The response should be an exact transcription of the data below, free of images.

[STORED DATA]
• • • •
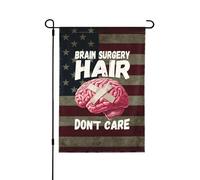 Drapeaux De Jardin Brain Surgery Hair Don'T Care Décorations Pelouse Drapeaux Toutes Les Saisons Drapeau Extérieur Pour Ferme Patio S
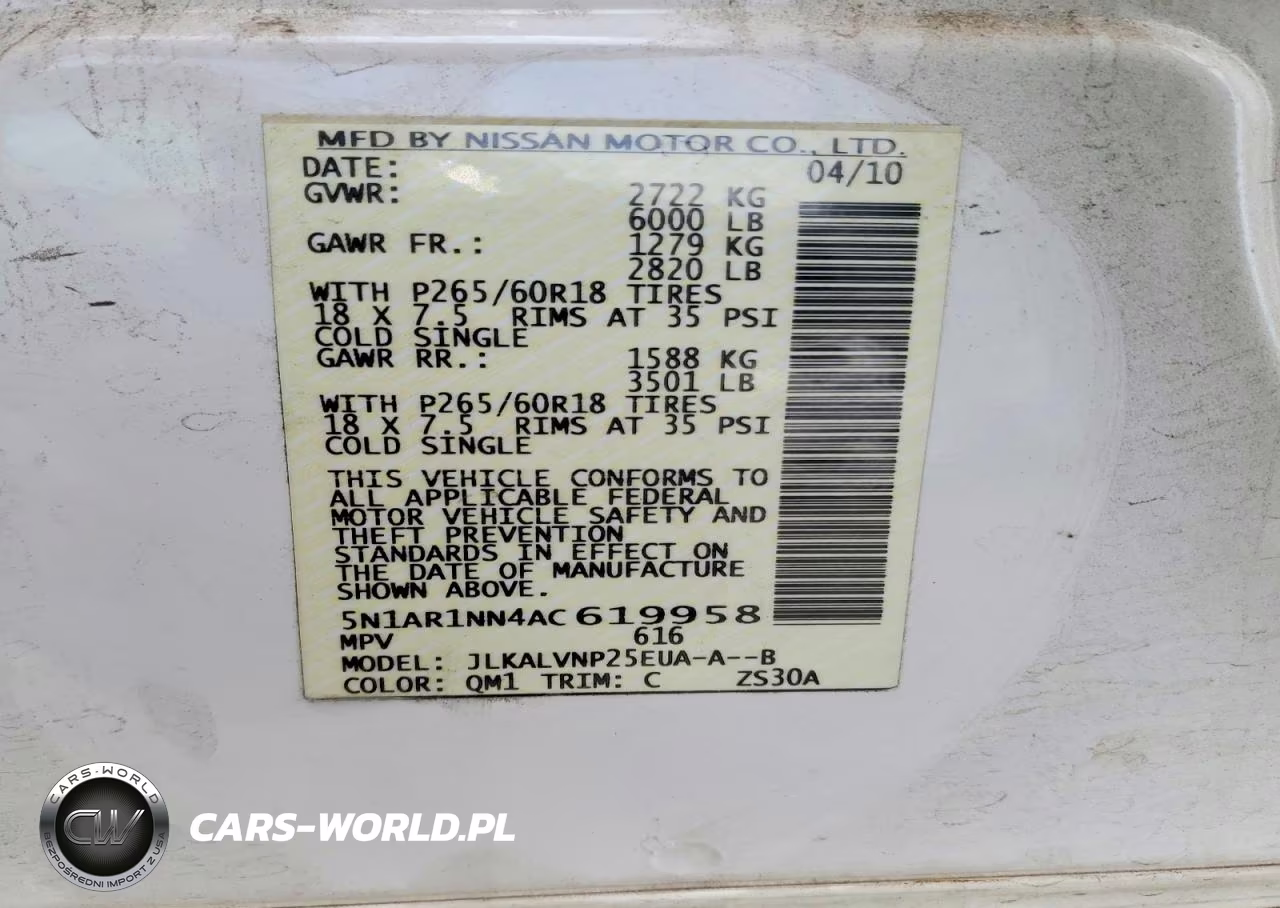 2010 Nissan Pathfinder S Fe+ VIN:5N1AR1NN4AC619958 - 13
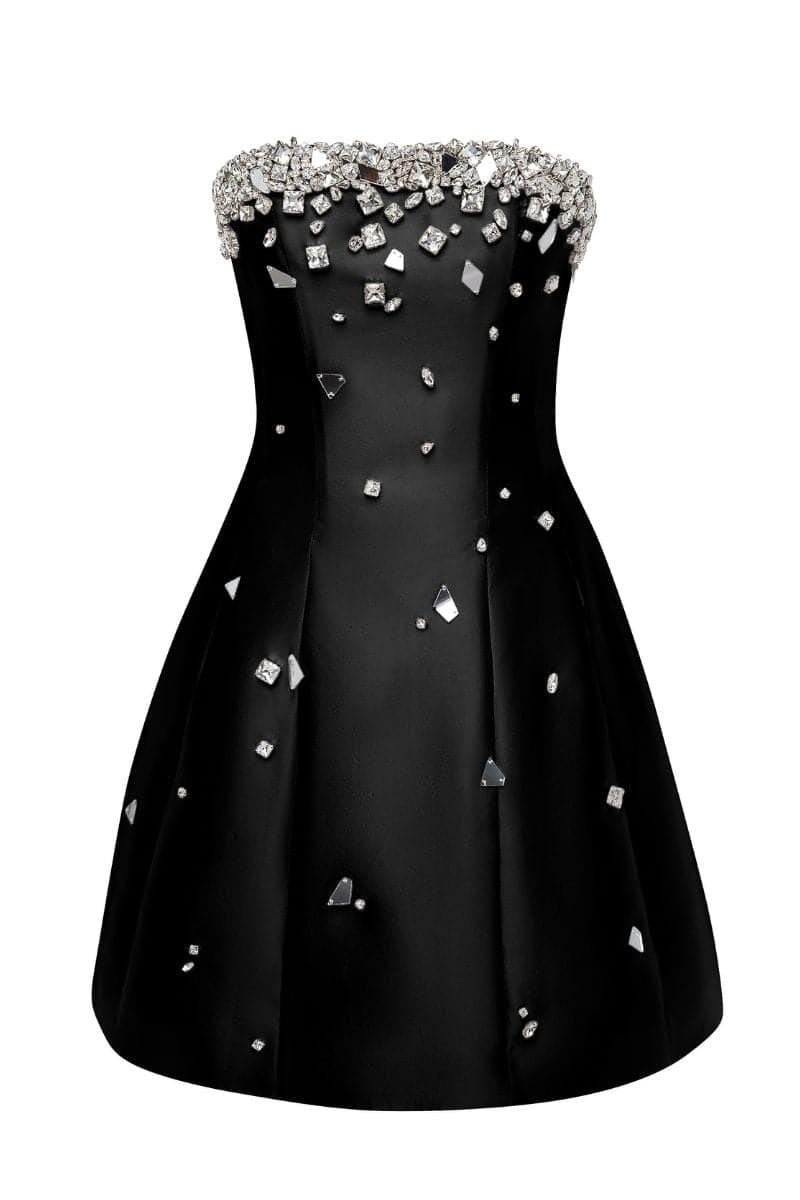 Moonlit Allure Strapless Mini Dress | Jewelclues #color_black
• • • •
[REPLY TO THE EXERCISE]
 Drapeaux De Jardin Brain Surgery Hair Don'T Care Décorations Pelouse Drapeaux Toutes Les Saisons Drapeau Extérieur Pour Ferme Patio S
 2010 Nissan Pathfinder S Fe+ VIN:5N1AR1NN4AC619958 - 13
 Moonlit Allure Strapless Mini Dress | Jewelclues #color_black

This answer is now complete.